Siri may improve accuracy by mapping the room like a HomePod does
New research from Apple and Carnegie Mellon University delves into how smart devices could learn about their surroundings to better understand requests by knowing when and where they are being talked to.
Academics from Apple, and Carnegie Mellon University's Human-Computer Interaction Institute, have published a research paper describing how devices such as Siri and HomePod could be improved by having them listen to their surroundings. While many Apple devices listen, they are explicitly waiting to hear the phase "Hey, Siri," and anything else is ignored.
It's the same with Alexa, or at least it is in theory, but these researchers advocate having smart devices actively listen in order to determine details of their environment — and what people are doing there.
"Listen Learner," they say in their paper, "[is] a technique for activity recognition that gradually learns events specific to a deployed environment while minimizing user burden."
Currently, HomePods automatically adjust their audio output to suit the environment and space that they are in. And Apple has filed patents that would see future HomePods using the position of people in a room to direct audio to them.
The idea behind this paper's research is that similar sensors could listen for sounds and detect where they are coming from. It could then group them so that, for instance, it recognizes what direction the bleeps from a microwave are coming. Understanding the context of where someone is standing and what noises are being heard from which directions, could make Siri better able to understand requests, or to volunteer information.
"For example, the system can ask a confirmatory query: 'was that a doorbell?', in which the user responds with a 'yes,'" it continues. "Once a label is established, the system can offer push notifications and other actions whenever the event happens again. This interaction links both physical and digital domains, enabling experiences that could be valuable for users who are e.g., hard of hearing."
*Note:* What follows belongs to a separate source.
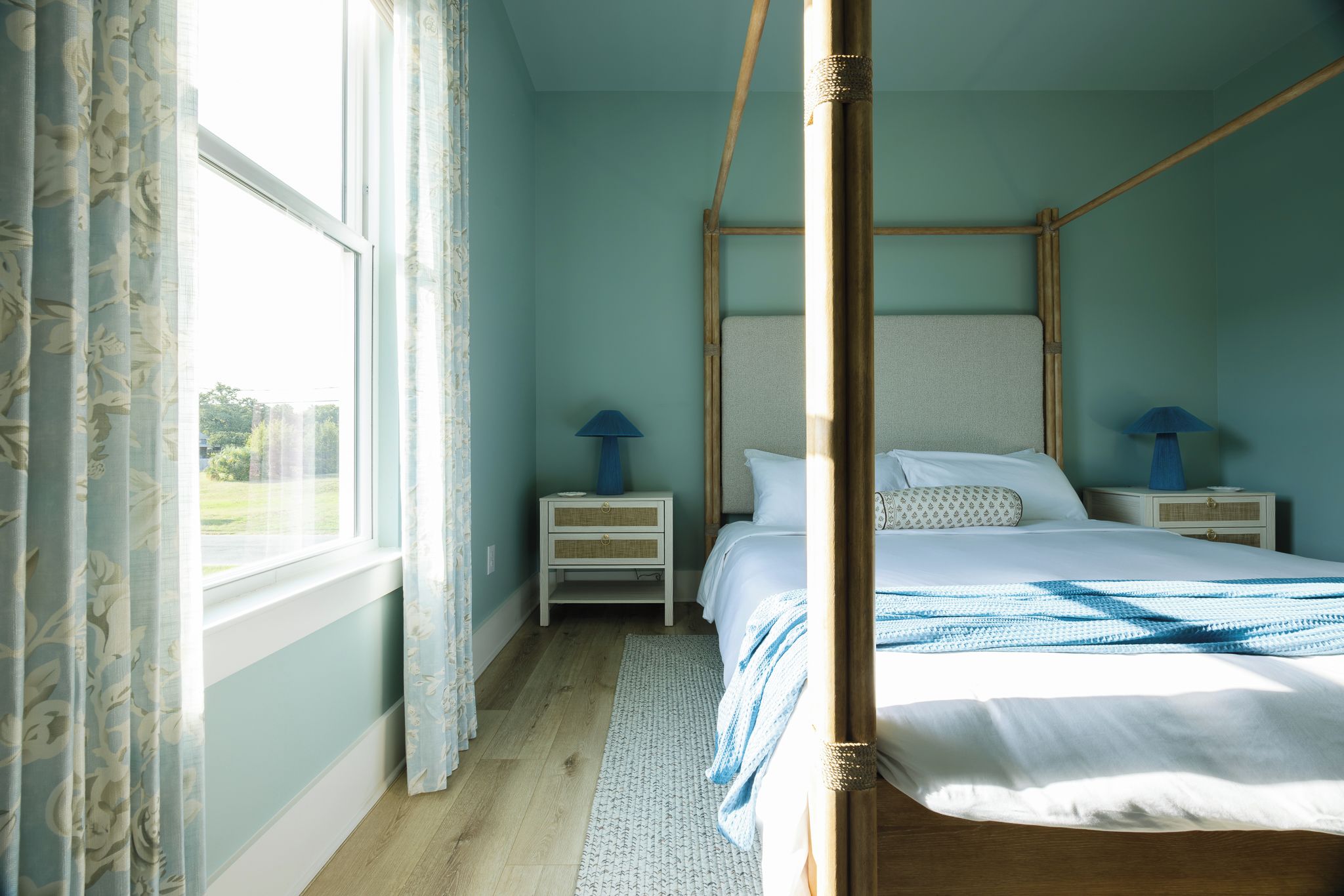 A four-poster bed with white linens, two bedside tables with lamps, a window with curtains, and a view of greenery outside.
While the paper repeatedly and exclusively mentions HomePods, it is really concerned with any device with microphones. It suggests that since we all now have an ever-increasing number of devices that are capable of listening, then we already have tools to improve voice control.
In a video accompanying the paper, the researchers demonstrate how listening like this can improve accuracy, and also how it's more successful than previous attempts to train devices.
The paper, "Automatic Class Discovery and One-Shot Interactions for Acoustic Activity Recognition," proposes that a device be able to listen continuously, although "no raw audio is saved to the device or to the cloud." It keeps doing this, effectively creating labels or tags that are triggered by certain sounds, until it's basically heard enough.
"Eventually, the system becomes confident that an emerging cluster of data is a unique sound, at which point, it prompts [the user] for a label the next time it occurs," explains the paper. "The system asks: 'what sound was that?', and [the user] responds with: 'that is my faucet.' As time goes on, the system can continue to intelligently prompt Lisa for labels, thus slowly building up a library of recognized events."
As well as a general "what sound was that?" kind of question, it might be able to guess and so try asking a more specific question. "The system might ask: 'was that a blender?'" says the paper. "In which [case the user] responds: 'no, that was my coffee machine.'"
While the paper is chiefly concerned with the effectiveness of a device asking the user questions like this, the researchers explain that they also tried specific use cases. "We built a smart speaker application that leverages Listen Learner to label acoustic events to aid accessibility in the home.," it says.
There is no indication of Apple or other firms integrating this idea into their smart speakers yet. Instead, this was a short-term focused test, and the team have recommendations for further research.
However, it's promising because they conclude that this test "provides accuracy levels suitable for common activity-recognition use cases," and brings "the vision of context-aware interactions closer to reality."